Jeśli Cezary Urban sam nie wypisze się z PO, wyrzuci go partia - tak szef Platformy Obywatelskiej w regionie skomentował w Radiu Szczecin start Urbana do sejmiku z listy komitetu prezydenta Szczecina Piotra Krzystka.
W poniedziałek rano Cezary Urban, były poseł, powiedział nam z kolei, że wciąż głosuje na PO, ma tam wielu przyjaciół, ale zastanawia się nad wystąpieniem z partyjnych szeregów, liczy się też z wyrzuceniem.
Próbowaliśmy zaprosić do programu bądź nagrać Cezarego Urbana, ale odmówił. Po emisji materiału na antenie Radia Szczecin poinformował nas, że złożył wniosek o zawieszenie go w partii, a decyzję w sprawie jego członkostwa w PO pozostawia władzom Platformy.
- Ten komitet, który Krzystek nazwał bezpartyjnym, składa się z osób, które były lub są jeszcze członkami różnych partii. Sami założyli partię, którą nazwali "Bezpartyjni" - mówi Gawłowski.
W obronie Urbana staje Krzysztof Soska z komitetu "Bezpartyjni". Jak tłumaczy, "Bezpartyjni" nie występują przeciwko partiom, a jedynie przeciwko partyjnym sporom. Dlatego, według niego nie zachodzi tu konflikt interesów.
- Wygląda na to, że pan Cezary Urban doszedł do wniosku, że jego dużo bardziej interesuje rozwiązywanie codziennych problemów naszego miasta niż spory polityczne czy partia zielona, czerwona czy jakakolwiek inna - uważa Soska.

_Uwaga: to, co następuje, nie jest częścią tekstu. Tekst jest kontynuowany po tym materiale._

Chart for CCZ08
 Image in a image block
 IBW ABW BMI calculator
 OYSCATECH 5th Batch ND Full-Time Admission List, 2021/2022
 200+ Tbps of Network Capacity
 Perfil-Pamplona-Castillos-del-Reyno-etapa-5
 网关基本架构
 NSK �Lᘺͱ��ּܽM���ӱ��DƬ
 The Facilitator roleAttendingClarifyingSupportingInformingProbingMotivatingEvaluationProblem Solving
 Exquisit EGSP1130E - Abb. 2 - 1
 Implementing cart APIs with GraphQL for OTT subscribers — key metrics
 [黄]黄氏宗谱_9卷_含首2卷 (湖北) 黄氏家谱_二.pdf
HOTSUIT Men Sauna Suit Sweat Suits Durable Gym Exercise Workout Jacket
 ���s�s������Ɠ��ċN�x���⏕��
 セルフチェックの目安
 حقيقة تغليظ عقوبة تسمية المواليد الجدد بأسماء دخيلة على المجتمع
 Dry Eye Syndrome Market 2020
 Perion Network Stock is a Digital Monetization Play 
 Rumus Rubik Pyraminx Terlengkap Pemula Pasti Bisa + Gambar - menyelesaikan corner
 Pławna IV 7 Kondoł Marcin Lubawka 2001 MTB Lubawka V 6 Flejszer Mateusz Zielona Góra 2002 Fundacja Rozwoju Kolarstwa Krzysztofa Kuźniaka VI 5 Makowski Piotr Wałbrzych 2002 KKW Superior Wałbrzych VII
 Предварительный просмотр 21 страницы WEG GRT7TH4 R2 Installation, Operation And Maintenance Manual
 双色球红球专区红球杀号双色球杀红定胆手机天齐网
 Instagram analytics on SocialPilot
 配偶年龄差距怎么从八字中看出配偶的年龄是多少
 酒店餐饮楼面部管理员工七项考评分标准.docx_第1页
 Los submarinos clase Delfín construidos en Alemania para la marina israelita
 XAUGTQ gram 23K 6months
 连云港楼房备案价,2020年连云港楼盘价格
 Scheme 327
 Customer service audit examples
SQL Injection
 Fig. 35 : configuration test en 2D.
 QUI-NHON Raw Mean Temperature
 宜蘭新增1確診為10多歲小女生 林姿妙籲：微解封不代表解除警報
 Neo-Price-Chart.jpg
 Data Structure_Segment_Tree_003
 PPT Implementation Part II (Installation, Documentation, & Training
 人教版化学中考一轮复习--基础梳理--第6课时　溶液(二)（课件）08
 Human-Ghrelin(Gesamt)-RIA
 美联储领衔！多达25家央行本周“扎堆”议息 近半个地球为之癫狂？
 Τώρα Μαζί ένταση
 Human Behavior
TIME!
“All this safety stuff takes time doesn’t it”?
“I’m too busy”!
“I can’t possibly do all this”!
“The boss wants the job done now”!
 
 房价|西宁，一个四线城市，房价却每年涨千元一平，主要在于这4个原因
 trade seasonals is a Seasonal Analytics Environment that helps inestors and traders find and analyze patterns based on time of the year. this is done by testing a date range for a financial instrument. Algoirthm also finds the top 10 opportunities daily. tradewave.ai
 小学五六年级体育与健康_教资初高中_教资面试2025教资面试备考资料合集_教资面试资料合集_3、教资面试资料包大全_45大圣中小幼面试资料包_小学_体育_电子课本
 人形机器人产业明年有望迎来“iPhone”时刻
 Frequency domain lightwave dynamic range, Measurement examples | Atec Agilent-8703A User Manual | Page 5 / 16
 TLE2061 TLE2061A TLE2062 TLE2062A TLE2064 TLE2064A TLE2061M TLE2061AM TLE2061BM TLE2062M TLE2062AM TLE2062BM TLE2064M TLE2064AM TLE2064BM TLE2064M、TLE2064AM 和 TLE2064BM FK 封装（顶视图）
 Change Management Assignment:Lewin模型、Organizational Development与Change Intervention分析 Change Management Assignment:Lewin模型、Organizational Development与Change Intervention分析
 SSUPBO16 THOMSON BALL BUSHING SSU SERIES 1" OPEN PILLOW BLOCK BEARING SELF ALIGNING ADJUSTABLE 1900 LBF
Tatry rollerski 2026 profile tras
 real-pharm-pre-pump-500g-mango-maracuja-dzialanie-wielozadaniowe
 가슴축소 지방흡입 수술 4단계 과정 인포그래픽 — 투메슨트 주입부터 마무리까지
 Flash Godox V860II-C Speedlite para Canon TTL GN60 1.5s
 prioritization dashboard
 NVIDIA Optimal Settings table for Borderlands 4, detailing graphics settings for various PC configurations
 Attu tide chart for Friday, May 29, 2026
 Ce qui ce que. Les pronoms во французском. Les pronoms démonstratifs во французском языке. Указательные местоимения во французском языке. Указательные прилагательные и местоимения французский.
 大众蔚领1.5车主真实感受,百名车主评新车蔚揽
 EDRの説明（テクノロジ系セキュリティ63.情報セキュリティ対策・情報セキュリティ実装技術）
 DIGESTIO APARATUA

Były poseł PO i dyrektor szczecińskiego XIII Liceum Ogólnokształcącego Cezary Urban startuje do sejmiku województwa z drugiego miejsca na liście komitetu "Bezpartyjni Komitet Wyborczy Wyborców Pomorze Zachodnie". To inicjatywa samorządowców z regionu - prezydenta Szczecina Piotra Krzystka, burmistrza Polic Władysława Diakuna, kandydata na prezydenta Koszalina Artura Wezgraja i starosty stargardzkiego Waldemara Gila.
Piotr Krzystek przedstawił w niedzielę swoją listę do samorządu. Numerem jeden jest była dyrektor szpitala przy ul. Unii Lubelskiej Maria Ilnicka-Mądry, z trzeciego miejsca staruje kajakarz Aleksander Doba.